OP2578. WOZZECK (in English), Live Performance, 14 March, 1959, w.Böhm Cond. Hermann Uhde, Eleanor Steber, Kurt Baum, Karl Dönch, Paul Franke, Ezio Flagello, etc., replete with Milton Cross' introductory remarks; Wozzeck – Acts II & III (in English), Live Performance, 8 April, 1961, w.Böhm Cond. Hermann Uhde, Eleanor Steber, Kurt Baum, Ralph Herbert, Paul Franke, Ezio Flagello, etc. (E.U.) 2-Walhall 0364. Specially priced. - 4035122653649
CRITIC REVIEWS:
“Top honors of the afternoon belong to Hermann Uhde….More than any other member of the cast, he adds a touch of legato to the music, his slight caress upon Wozzeck’s tortured phrases subtly suggesting the man’s greater humanity and thus serving to separate him from his bizarre company….He has completely absorbed Berg’s angular vocal idiom so that his reading has a naturalness….Wozzeck wanders into the pond, trying to wash away the blood, and the artist rises to tragic heights….Steber suggests both the earthy commonness of Wozzeck’s mistress and Marie’s craving for some small measure of warmth and beauty….most of the time she is not only affecting but vocally assured….Notwithstanding the superior efforts on stage, it is the orchestra which best captures the grotesquerie of Berg’s brilliant score. Böhm converts the logical formalism of Berg’s diverse scenes into graphic organisms….the final interlude provides the afternoon’s emotional climax.”
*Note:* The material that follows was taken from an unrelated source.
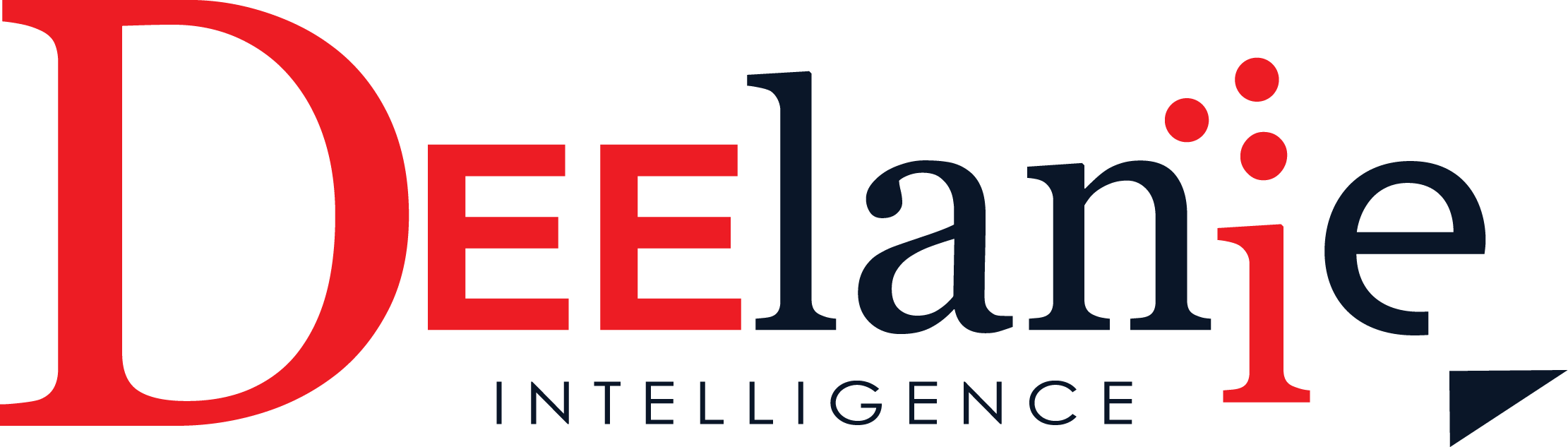 deelanie branding logo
- Paul Jackson, SIGN-OFF FOR THE OLD MET, pp.270-72
"Rudolf Bing increased the artistic stature of the Metropolitan Opera by presenting Alban Berg's WOZZECK last night. Regarded now as a 'classic' in Europe, this 34-year old contemporary opera is unique, whatever the public response to it. Since the box office proved 'disastrous' as far as benefiting the Metropolitan Opera Guild's production fund, the success of the first performance must be treated as solely artistic. For that Bing deserves hearty congratulations. He has fulfilled an important obligation to the public and one of his own ambitions in bringing WOZZECK finally to the Met. Mixed with the cheers at the final curtain there were a very audible number of boo's. The latter provided their own commentary on those who uttered them because they indicated a woeful lack of awareness of the contemporary musical world of which WOZZECK is a significant part. They also overlooked a splendid production, one of the most exacting ever undertaken in the Met's entire history… Karl Böhm won the ovations of the evening, deservedly. Conducting this score must be considered a major triumph at any time. The work it involved stretched back to the [beginning] of the opera season 19 weeks and 24 orchestral rehearsals later (unprecedented in the history of the Met), he achieved a remarkable performance. It may not have registered all the nervous tension and frightening aspect of the early portion of the opera, but it revealed unforgettable texture of sound in the last act."
- Miles Kastendieck, New York Journal-American, 6 March, 1959
“On the opera stage the connection of intellect and passion is seldom. This is why stage singers like Hermann Uhde deserve the greatest appreciation; they uplift the opera to the highest level of musical drama.”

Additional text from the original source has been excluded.